Grounds for Termination of Alimony
Under the Act, General Term Alimony can terminate when the recipient remarries or cohabitates with a new partner. Under the previous terms of the law, cohabitation was inadequate reason to terminate alimony, and there were some cases where alimony did not terminate upon remarriage of the recipient. The new law can thereby affect alimony recipients who cohabitate with a boyfriend or girlfriend in order to avoid marriage and thereby continue to receive alimony payments from their ex-spouses.
The Alimony Reform Act also states that General Term Alimony shall terminate upon the payor reaching the full retirement age or when that person becomes eligible for the old-age retirement benefit under the United States Old-Age, Disability, and Survivors Insurance Act. As you can imagine, this has significant implications for people who divorce when approaching retirement age, as previously retirement was not in itself sufficient to warrant termination of an alimony obligation. As judges are taking the position that there is a rebuttable presumption that alimony shall be terminated under such circumstances, you should consult with an experienced divorce attorney.
Determining the Amount of Alimony to Be Paid
Under the Alimony Reform Act, the court excludes a number of income sources from its determination of an alimony award, such as the gross income used to determine a spouse’s child support obligation.
Additionally, the Act further excludes any income the payor spouse receives from a second job or overtime from a determination of alimony. A somewhat fuzzy area regards a spouse who is not paid an hourly wage, but instead receives a weekly salary regardless of how many hours per week he or she works.
Another consideration under the Alimony Reform Act address circumstances where a payor spouse remarries. Under the new law, the new spouse’s income is no longer considered for the purpose of increasing the payor spouse’s alimony obligation. Obviously, this has strong implications for cases in which a payor spouse remarries someone with financial strength while the recipient ex-spouse has encountered financial difficulties.
Modifications of Alimony Orders Prior to the Alimony Reform Act
The overview: the Alimony Reform Act is a sufficient material change in circumstance to alter the duration of a previously ordered alimony award, but it does not justify a change in the amount of alimony that was previously awarded. In cases where the parties to a divorce agreement stating that their alimony order shall not be modifiable will not be entitled to modify their alimony order based on the Alimony Reform Act. So while the act has some impact on pre-act alimony orders, these impacts are limited.
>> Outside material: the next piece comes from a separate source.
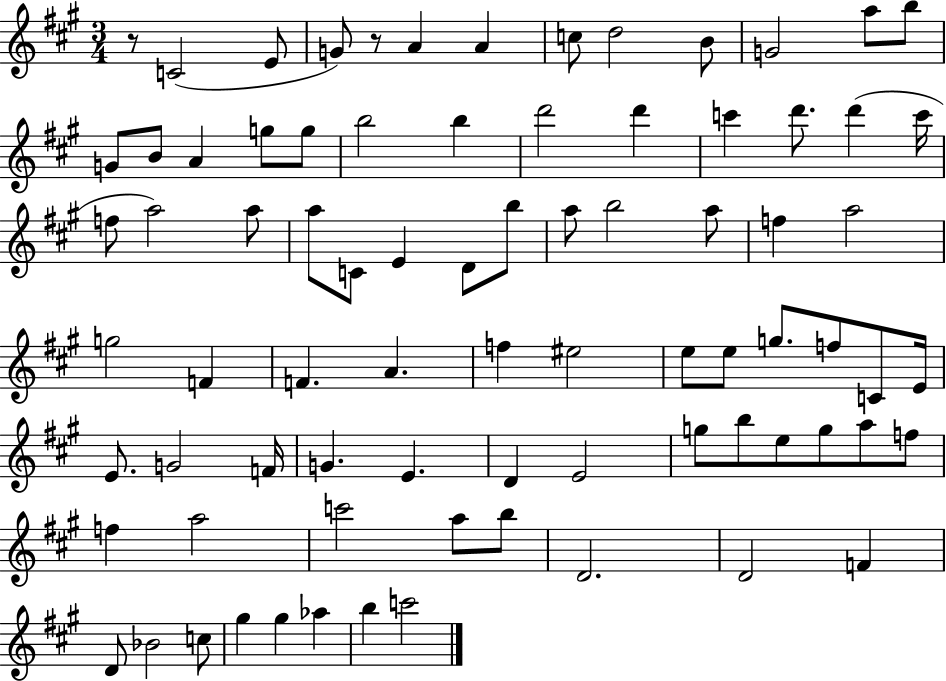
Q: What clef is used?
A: treble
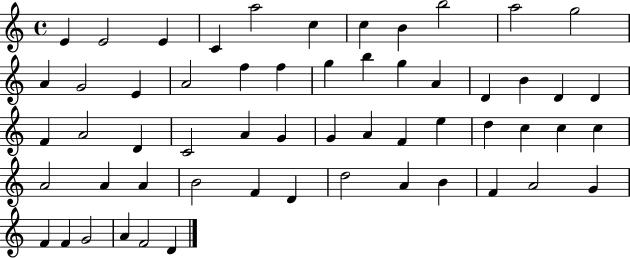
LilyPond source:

What does this really mean for anyone with a pre-act alimony order? If you were ordered to pay alimony prior to the enactment of the new law, you can only seek modification for the duration of your obligation and can not obtain a modification for the actual amount of alimony that you were originally ordered to pay.
While these modification changes may sound appealing if you are paying alimony from a prior alimony oder, you should review the circumstances and potential ramifications of seeking a modification with a qualified divorce attorney as you may find yourself involved in a counter claim for an increase by the alimony recipient. Indeed, given the range of changes to the law under the Alimony Reform Act of 2011, it remains vital that you consult with an experience divorce attorney to analyze your circumstances and determine your optimal action.